→ **YOUR ASSIGNMENT**: Tell how many lines in the records contain the word "which"; the number alone is the answer.

--- --- ---

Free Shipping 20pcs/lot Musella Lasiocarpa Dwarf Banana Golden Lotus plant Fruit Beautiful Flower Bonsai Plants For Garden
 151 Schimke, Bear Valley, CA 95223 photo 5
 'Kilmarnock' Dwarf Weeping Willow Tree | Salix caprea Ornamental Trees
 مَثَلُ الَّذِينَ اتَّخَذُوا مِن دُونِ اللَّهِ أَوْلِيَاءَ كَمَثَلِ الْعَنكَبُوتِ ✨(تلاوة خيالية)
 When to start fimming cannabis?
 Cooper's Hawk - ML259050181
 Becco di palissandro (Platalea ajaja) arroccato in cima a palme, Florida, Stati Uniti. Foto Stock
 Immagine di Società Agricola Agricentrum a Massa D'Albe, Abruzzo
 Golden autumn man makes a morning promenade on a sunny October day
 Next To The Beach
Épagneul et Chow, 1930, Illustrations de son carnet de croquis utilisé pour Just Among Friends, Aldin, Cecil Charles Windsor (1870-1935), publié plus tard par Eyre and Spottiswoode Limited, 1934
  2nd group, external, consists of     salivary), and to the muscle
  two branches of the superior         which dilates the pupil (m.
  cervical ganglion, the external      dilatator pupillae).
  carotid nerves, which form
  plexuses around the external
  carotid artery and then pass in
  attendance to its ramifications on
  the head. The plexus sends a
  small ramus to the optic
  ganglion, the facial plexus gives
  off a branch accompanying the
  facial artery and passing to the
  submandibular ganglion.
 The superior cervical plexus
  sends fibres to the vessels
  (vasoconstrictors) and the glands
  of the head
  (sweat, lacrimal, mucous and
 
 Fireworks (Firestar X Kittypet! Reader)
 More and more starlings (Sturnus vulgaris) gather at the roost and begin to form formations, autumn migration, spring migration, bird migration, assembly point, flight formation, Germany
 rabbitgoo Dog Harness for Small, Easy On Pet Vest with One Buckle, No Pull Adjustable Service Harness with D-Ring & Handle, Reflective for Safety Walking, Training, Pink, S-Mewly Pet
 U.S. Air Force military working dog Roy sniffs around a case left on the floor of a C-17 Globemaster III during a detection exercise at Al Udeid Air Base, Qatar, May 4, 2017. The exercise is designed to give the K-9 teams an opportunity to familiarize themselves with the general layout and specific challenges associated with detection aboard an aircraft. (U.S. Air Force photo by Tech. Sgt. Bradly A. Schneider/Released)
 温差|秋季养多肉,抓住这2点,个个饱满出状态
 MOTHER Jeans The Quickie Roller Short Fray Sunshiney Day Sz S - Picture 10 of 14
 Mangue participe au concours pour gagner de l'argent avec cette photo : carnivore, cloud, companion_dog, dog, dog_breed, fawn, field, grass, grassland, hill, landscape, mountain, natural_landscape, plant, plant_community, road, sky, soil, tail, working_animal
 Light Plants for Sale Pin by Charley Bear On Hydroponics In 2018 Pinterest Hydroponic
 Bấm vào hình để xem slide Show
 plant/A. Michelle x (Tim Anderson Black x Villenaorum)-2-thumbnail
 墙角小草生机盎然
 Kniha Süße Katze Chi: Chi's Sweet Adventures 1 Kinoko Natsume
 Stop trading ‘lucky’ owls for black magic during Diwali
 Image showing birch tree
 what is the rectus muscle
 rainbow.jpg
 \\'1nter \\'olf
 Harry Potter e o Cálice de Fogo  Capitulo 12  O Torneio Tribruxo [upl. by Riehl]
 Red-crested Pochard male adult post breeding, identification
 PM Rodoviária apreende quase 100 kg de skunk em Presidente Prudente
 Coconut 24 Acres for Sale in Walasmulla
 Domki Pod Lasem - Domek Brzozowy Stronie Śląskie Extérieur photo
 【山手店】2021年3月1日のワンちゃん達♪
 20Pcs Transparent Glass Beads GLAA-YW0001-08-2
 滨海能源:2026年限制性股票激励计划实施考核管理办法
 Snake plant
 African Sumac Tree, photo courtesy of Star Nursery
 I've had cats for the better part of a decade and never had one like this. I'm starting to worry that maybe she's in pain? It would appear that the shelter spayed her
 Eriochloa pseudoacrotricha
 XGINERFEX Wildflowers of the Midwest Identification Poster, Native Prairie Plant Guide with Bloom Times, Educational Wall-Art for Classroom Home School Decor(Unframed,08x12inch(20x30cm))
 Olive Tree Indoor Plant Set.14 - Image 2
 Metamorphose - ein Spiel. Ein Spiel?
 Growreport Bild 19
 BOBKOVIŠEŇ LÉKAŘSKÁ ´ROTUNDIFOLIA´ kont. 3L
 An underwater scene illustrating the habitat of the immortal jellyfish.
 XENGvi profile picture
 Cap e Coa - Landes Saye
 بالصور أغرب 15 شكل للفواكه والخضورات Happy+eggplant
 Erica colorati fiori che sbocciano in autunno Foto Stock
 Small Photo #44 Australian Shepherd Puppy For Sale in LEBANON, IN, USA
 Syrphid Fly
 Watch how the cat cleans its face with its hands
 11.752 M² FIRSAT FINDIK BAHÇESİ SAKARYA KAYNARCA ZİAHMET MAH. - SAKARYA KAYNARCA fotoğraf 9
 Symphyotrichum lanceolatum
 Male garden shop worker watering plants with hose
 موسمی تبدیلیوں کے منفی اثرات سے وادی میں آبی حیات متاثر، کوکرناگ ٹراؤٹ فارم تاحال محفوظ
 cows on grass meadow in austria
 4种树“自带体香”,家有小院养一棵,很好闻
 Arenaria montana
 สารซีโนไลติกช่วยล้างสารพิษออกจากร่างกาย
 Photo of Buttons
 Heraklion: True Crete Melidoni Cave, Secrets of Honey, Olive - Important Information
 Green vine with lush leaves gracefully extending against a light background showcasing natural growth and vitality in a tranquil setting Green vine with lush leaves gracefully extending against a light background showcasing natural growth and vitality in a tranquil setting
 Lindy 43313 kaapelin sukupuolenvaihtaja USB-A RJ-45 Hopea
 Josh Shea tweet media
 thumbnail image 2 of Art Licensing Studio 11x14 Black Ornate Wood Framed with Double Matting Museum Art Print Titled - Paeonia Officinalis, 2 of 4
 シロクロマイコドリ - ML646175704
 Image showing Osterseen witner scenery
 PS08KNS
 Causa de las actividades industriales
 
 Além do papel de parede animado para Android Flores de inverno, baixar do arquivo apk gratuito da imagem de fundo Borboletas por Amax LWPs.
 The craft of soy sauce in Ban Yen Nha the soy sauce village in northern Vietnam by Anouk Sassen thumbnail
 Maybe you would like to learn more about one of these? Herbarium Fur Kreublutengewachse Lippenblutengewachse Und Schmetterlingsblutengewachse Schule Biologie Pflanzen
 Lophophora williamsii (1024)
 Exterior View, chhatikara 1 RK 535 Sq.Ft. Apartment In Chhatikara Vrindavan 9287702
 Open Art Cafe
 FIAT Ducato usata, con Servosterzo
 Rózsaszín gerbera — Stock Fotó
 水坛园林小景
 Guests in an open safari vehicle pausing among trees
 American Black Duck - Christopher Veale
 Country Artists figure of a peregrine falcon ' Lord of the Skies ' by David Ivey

--- --- ---

→ **WRITTEN SOLUTION**: 2